En este entorno, donde la sensualidad y el pecado guardan siempre un delicado equilibrio, yo cultivaba una curiosidad desenfrenada que coexistía con mi sexualidad adormecida por las monjas. A menudo salía después de la cena a recoger almejas con mis amigos de la infancia, pero a veces me dirigía solo hacia las escolleras de la playa, a cuyo abrigo las más enardecidas parejas juveniles de la isla se besuqueaban todas las noches. Más adelante, sin embargo, me atuve a las normas de cama de mi escuela parroquial: dormía boca arriba, con los brazos cruzados sobre el pecho y cada mano descansando en el hombro opuesto, postura supuestamente pía que hacía imposible la masturbación. Al amanecer ayudaba a misa en mi calidad de acólito de un padre que olía a whisky, y después de la escuela servía de recadero en la tienda de ropa de la familia, que atendía a decorosas mujeres de generosas figuras y fortunas. Eran las esposas de los pastores, las esposas de los banqueros, las jugadoras de bridge, las correveidiles. Eran las damas enguantadas de blanco que en verano evitaban la playa y el paseo marítimo para derrochar en cambio considerables cantidades de tiempo y de dinero en sitios como la tienda de mis padres, donde, bajo el rumor apagado de los ventiladores y la atención solícita de mi madre en los vestidores, se probaban las prendas de vestir al tiempo que aireaban sus vidas privadas y los sucesos y desventuras de sus amistades y vecinos.

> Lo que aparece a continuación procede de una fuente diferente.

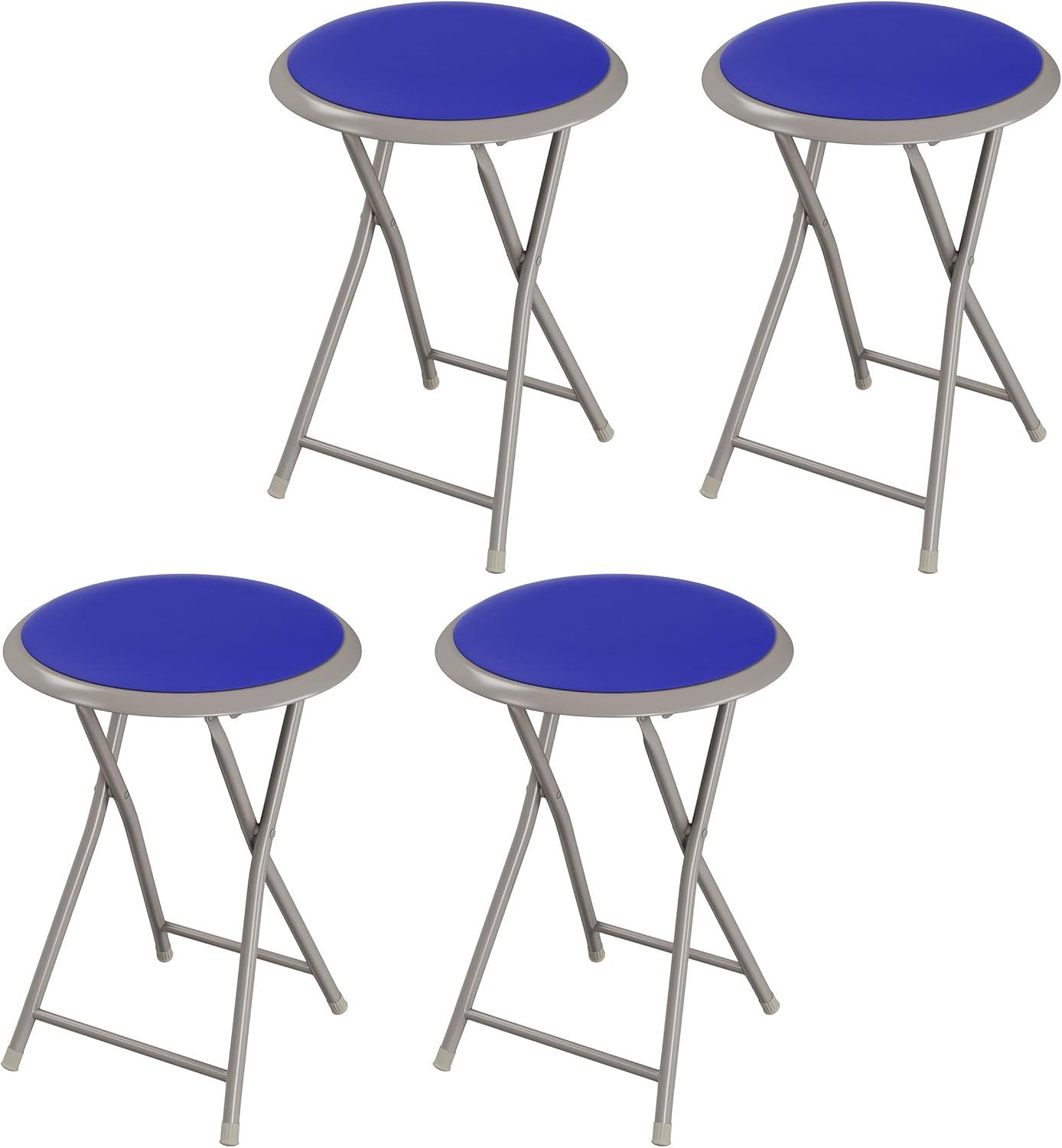 imageFolding Stool Backless 18Inch Stool with 225lb Capacity for Kitchen or Rec Room Portable Indoor Counter Bar Stools by Lavish Home BlueRoyal Blue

La tienda era como un programa de entrevistas que se desarrollaba en torno a la afable actitud y las oportunas preguntas de mi madre; y siendo yo un niño no mucho más alto que los mostradores detrás de los cuales solía detenerme a escuchar a escondidas, aprendí muchas cosas que me serían útiles años después, cuando empecé a entrevistar a personas para mis artículos y libros.

Aprendí a escuchar con paciencia y cuidado y a no interrumpir nunca, ni siquiera cuando las personas parecían encontrarse en grandes apuros para darse a entender, ya que en esos momentos de titubeos y vaguedad (enseñanza que obtuve de las habilidades para prestar oído de mi paciente madre) la gente suele ser muy reveladora: lo que vacilan en contar puede ser muy diciente. Sus pausas, sus evasivas, sus cambios de tema repentinos son probables indicadores de lo que los avergüenza, o los molesta, o de lo que consideran demasiado íntimo o imprudente como para dejárselo saber a otra persona en ese determinado momento. No obstante, también oí a muchas personas hablar francamente con mi madre sobre lo que antes habían evitado, reacción que a mi juicio tenía menos que ver con la naturaleza inquisitiva de mi madre o las preguntas que les formulaba con prudencia, que con la forma gradual en que la iban aceptando como un sujeto leal en el que podían confiar. Las mejores dientas de mi madre eran mujeres que no necesitaban tanto trajes nuevos como satisfacer la necesidad de comunicarse.